The three visions that follow are set off from the narrative by a precise vocabulary of vision, one that Dante had established as early as in his Vita nuova (see Hollander [Holl.1974.1], pp. 3-7).  This begins at once with the verse 'Ivi mi parve in una visione...' (There it seemed to me... in a... vision...), a formulation that needs at least its verb to take its meaning.  If that verb were a form of vedere (to see), Dante's usual practice would assure us that he was describing a dream, indeed a 'Macrobian' dream, a 'fictive' visio that required allegorical explanation.  The next line, however, adds two crucial terms, the adjective estatica (ecstatic) and the verb esser tratto (to be drawn up).  These technical terms, the first of which occurs only once in the poem's universe, establish the radical difference between this visionary experience and that obtained in conventional dreams, for here what is at stake is the sort of sight that was given to such as Paul and John in the New Testament (and, as we shall see in a few lines, to St.
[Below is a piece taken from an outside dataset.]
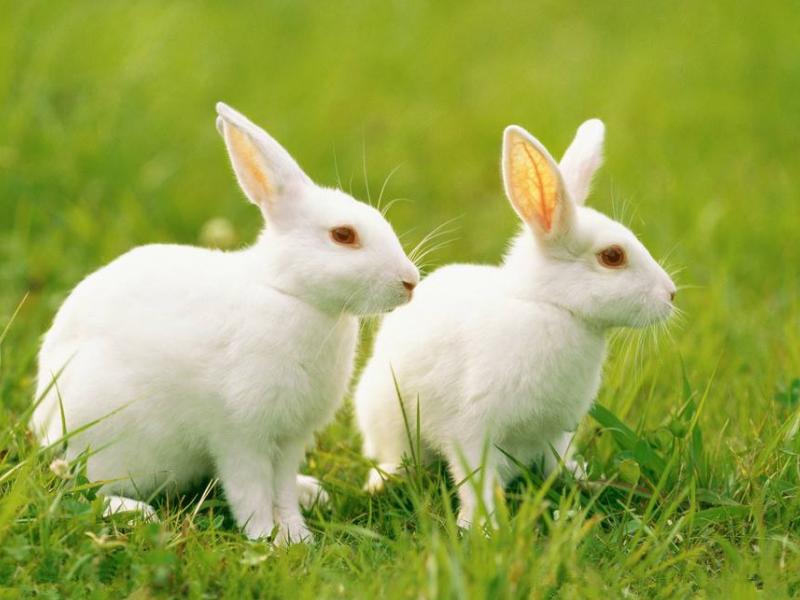 适合学生党养的宠物要便宜又可爱,适合学生党养的宠物便宜好养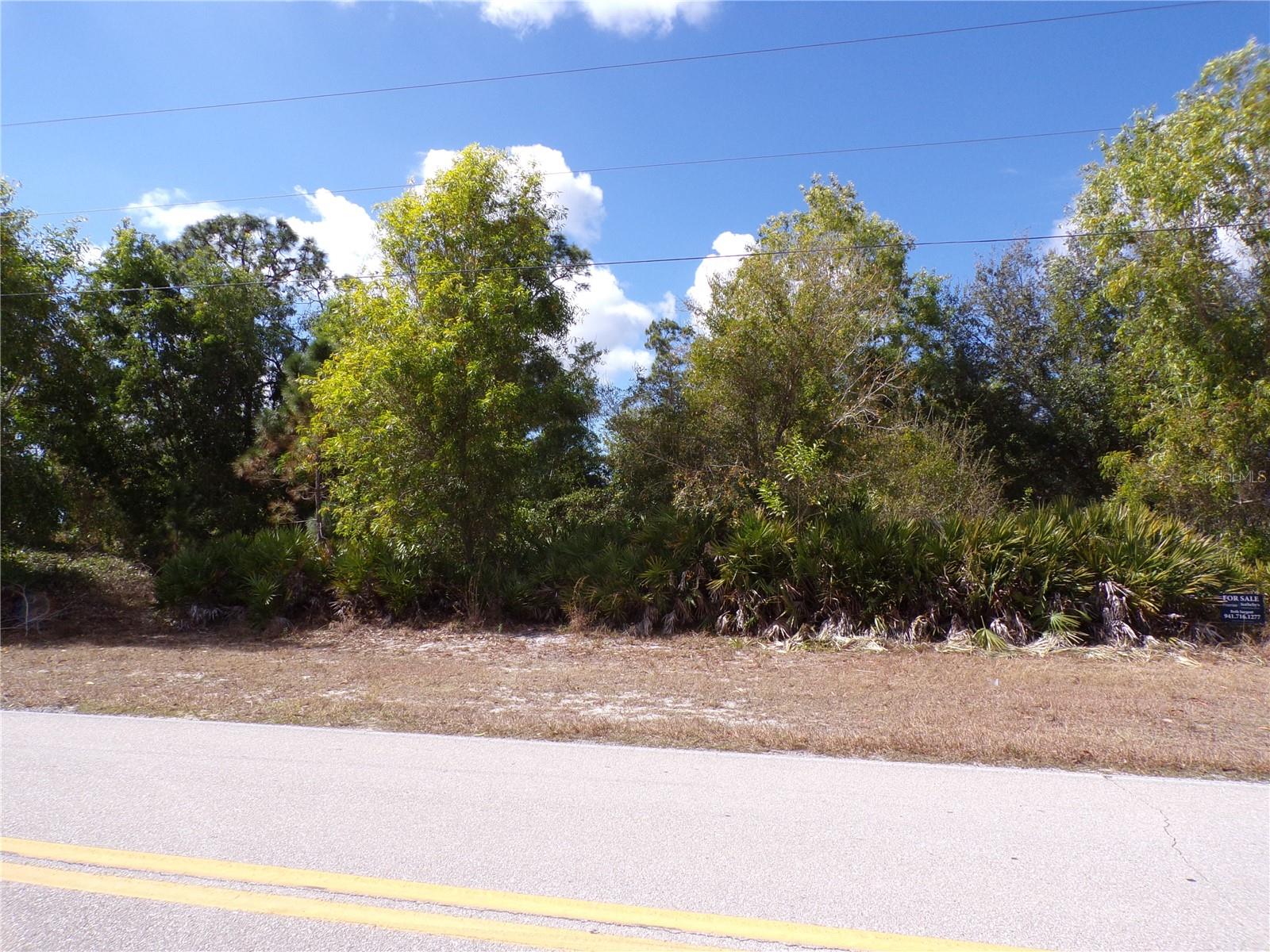 12253 GREEN GULF BLVD, PUNTA GORDA, FL — photo 3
Stephen as well).

      In Dante the verb parere can have two quite different meanings (a common enough phenomenon in early modern poems -- see Spenser, for instance, who 'specializes' in the first usage) -- 'seem' (thus expressing a potentially limited or even non-existent truthfulness) or 'appeared' (to indicate something perceived that is actually present).  The verbs parere and apparire are used throughout this passage ([Purg XV 85], [Purg XV 93] [Purg XV 94] [Purg XV 102]) to indicate presences that are experienced as being in fact present to the beholder in his ecstatic seeing; this is true as well of the verb vedere ([Purg XV 87], [Purg XV 106], [Purg XV 109]), used each time to indicate what has truly been made manifest to the beholder.

      Momigliano's discussion (DDP Momigliano.Purg.XV.84-114) of the passage points out that the verbs used to indicate what the protagonist sees in his rapture are in their infinitive form (vedere, [Purg XV 88]; dir, [Purg XV 97]; risponder, [Purg XV 103]; ancider, [Purg XV 107]; chinarsi, [Purg XV 109]), thus lending to the experience a sense of timeless, placeless intensity -- precisely, one is encouraged to add, in accord with the nature of ecstatic experience.